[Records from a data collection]

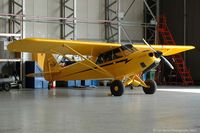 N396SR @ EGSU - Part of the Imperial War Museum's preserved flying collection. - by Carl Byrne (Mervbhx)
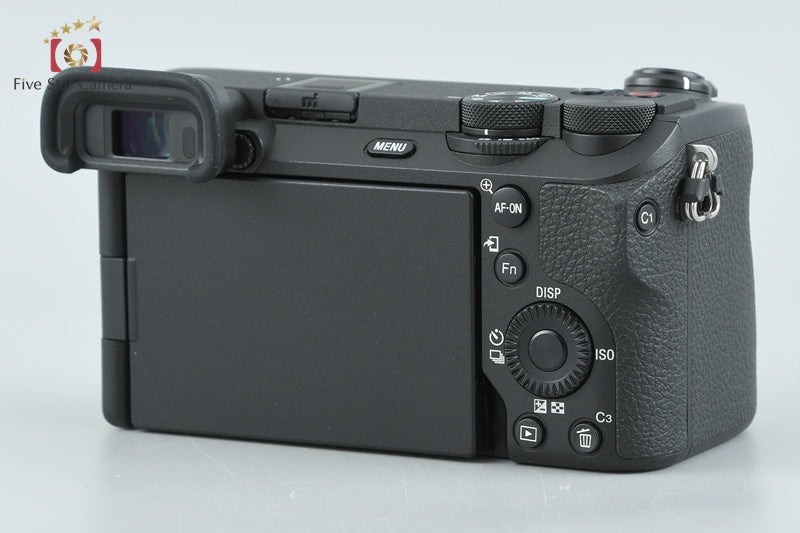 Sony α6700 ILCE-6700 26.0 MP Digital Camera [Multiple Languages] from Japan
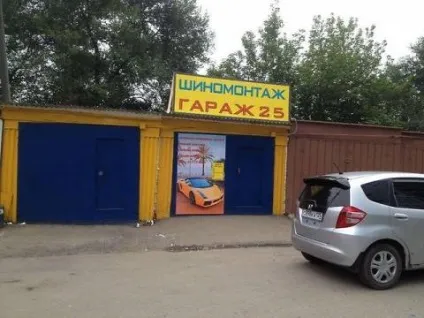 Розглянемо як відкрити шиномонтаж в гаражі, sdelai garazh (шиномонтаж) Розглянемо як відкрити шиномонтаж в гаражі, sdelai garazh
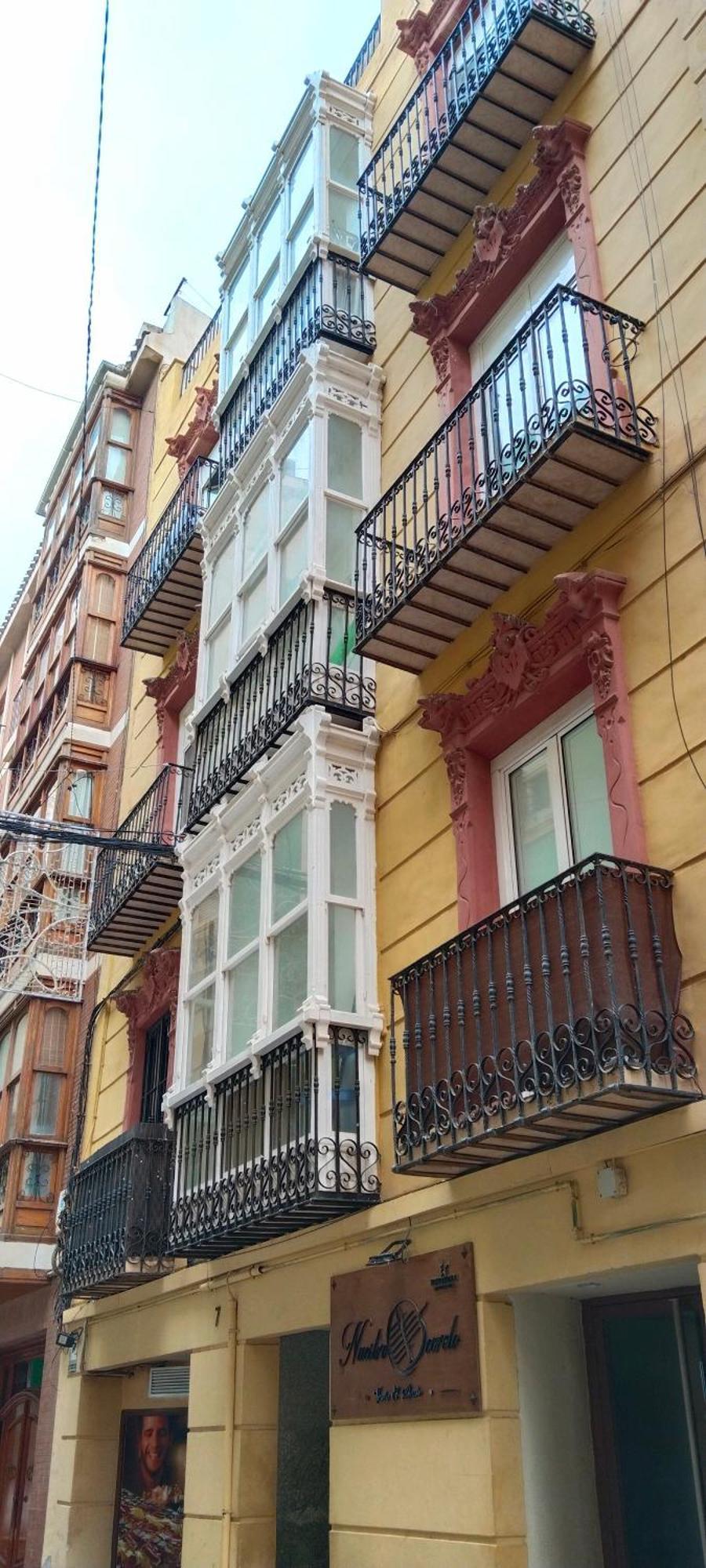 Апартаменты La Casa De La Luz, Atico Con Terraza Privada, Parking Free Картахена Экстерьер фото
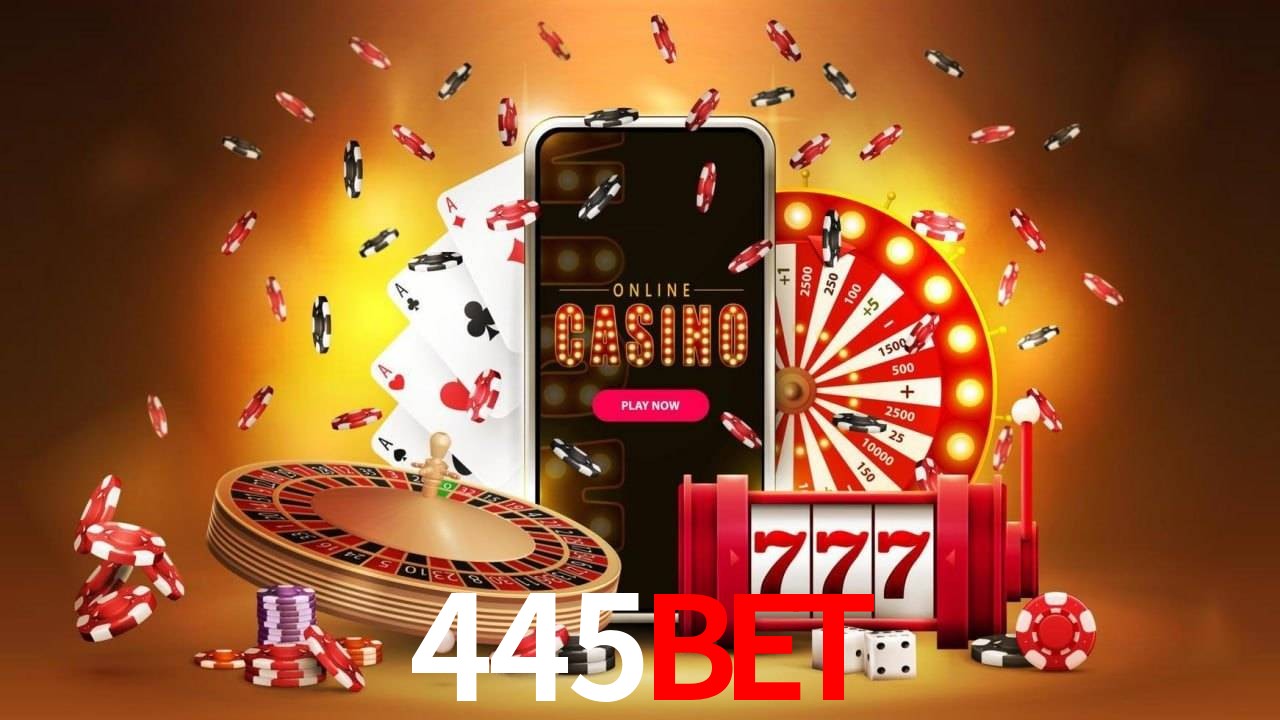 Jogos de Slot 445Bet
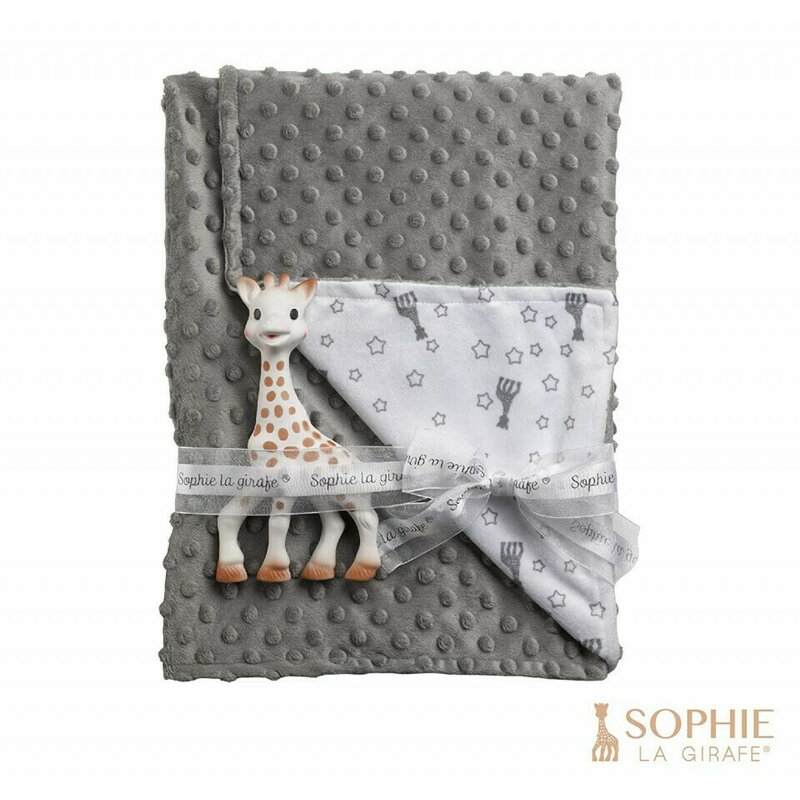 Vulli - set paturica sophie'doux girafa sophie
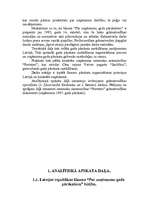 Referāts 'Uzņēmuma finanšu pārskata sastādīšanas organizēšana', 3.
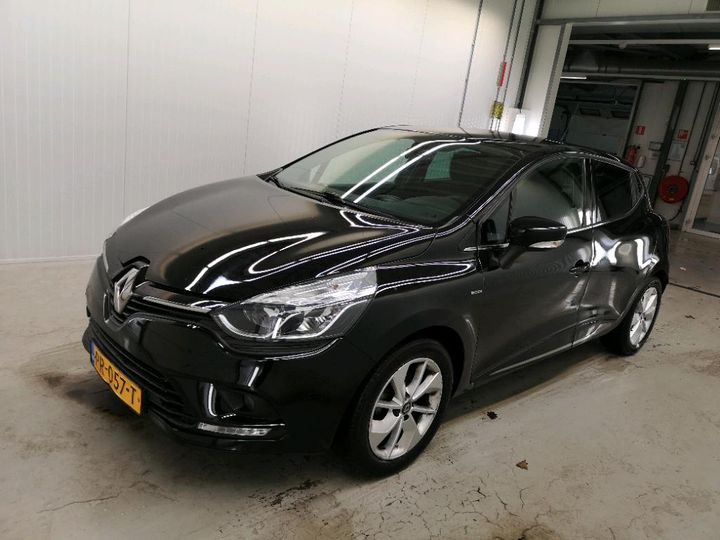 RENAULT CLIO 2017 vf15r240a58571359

### GOAL OF THE EXERCISE
All that should appear in the response is the run of lines from the one with "Апартаменты La Casa" through the final line of the records, restated exactly, with pictures omitted.

### RESULT FOR THIS EXERCISE
 Апартаменты La Casa De La Luz, Atico Con Terraza Privada, Parking Free Картахена Экстерьер фото
 Jogos de Slot 445Bet
 Vulli - set paturica sophie'doux girafa sophie
 Referāts 'Uzņēmuma finanšu pārskata sastādīšanas organizēšana', 3.
 RENAULT CLIO 2017 vf15r240a58571359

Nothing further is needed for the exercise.